The Ross procedure has been increasingly applied to neonates and infants. Addition of a modified Konno-type enlargement of the aortic annulus allows the application of this procedure to neonates and infants with significant annular hypoplasia. The potential for growth and the proven durability make the autograft an ideal aortic valve replacement.

METHODS

Between March 1993 and December 2000, 10 patients under 1 year of age underwent a Ross/Konno procedure at our institution (range, 2 to 349 days; median 16).

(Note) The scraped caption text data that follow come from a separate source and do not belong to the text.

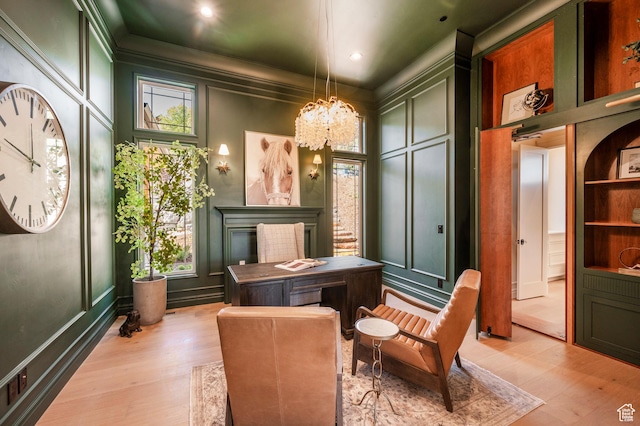 6736 E Via Cortina, Huntsville, UT 84317 - living area with built in shelves, light hardwood / wood-style floors, crown molding, and a chandelier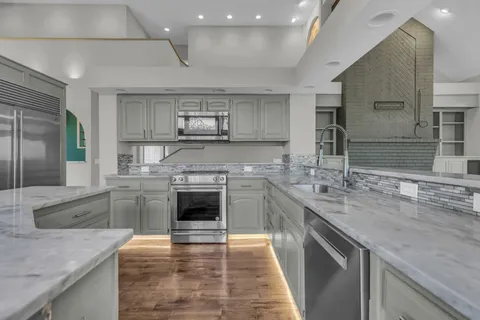 a view of a kitchen with a sink and a fireplace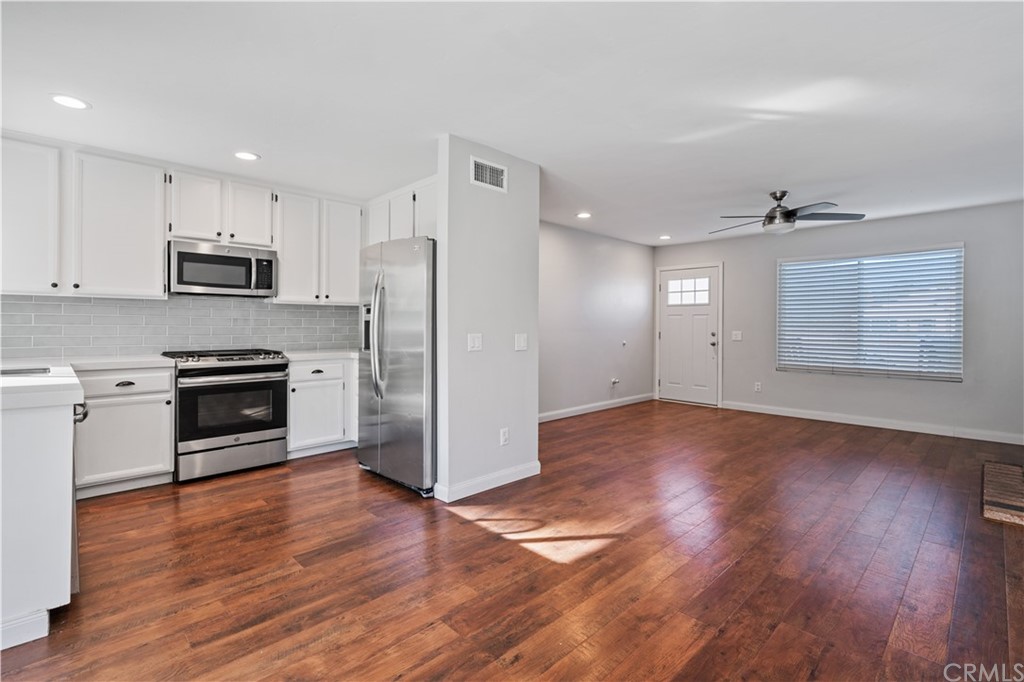 4435 Springtime Drive Oceanside, CA 92056 - Photo 12 of 52 a kitchen with granite countertop a refrigerator and a stove top oven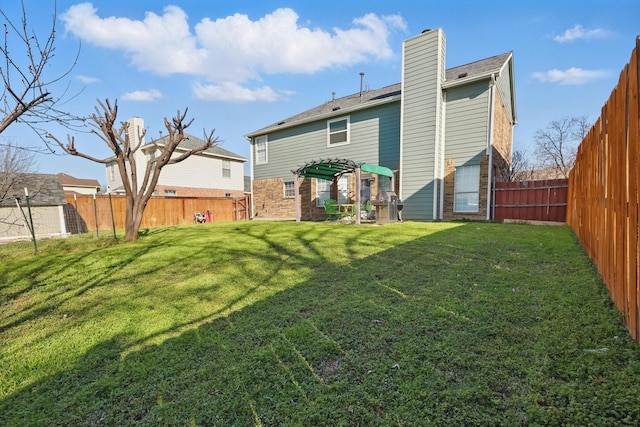 back of house with a yard, a fenced backyard, and a chimney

All patients had severe to critical aortic stenosis. All patients required aortic annulus enlargement for size mismatch between the aortic and pulmonary valves.

RESULTS

There were no deaths at a median follow-up of 48 months (range, 1 to 74 months). All patients had none to mild aortic stenosis on Doppler echocardiography. Eight patients had a 0 to 1+ aortic insufficiency, 1 patient had a 2+ aortic insufficiency, and 1 patient had a 3+ aortic insufficiency. Aortic annular dilatation was not observed. Aortic sinus dilatation occurred initially (mean change in z-value: 0 to 12 months, +2.1) and then stabilized (mean change in z-value: 12 to > 36 months, +0.6). No patient required additional procedures for aortic valve disease. Two patients required three pulmonary allograft replacements.

CONCLUSIONS

The Ross procedure with a modified Konno-type enlargement of the aortic annulus is an excellent approach to aortic valve disease in the neonate and infant. The procedure can be accomplished with low morbidity and mortality, and low rates of reoperation. The pulmonary autograft demonstrates durability without developing aortic stenosis, aortic insufficiency, or progressive dilatation. Enlargement of the aortic annulus parallels somatic growth.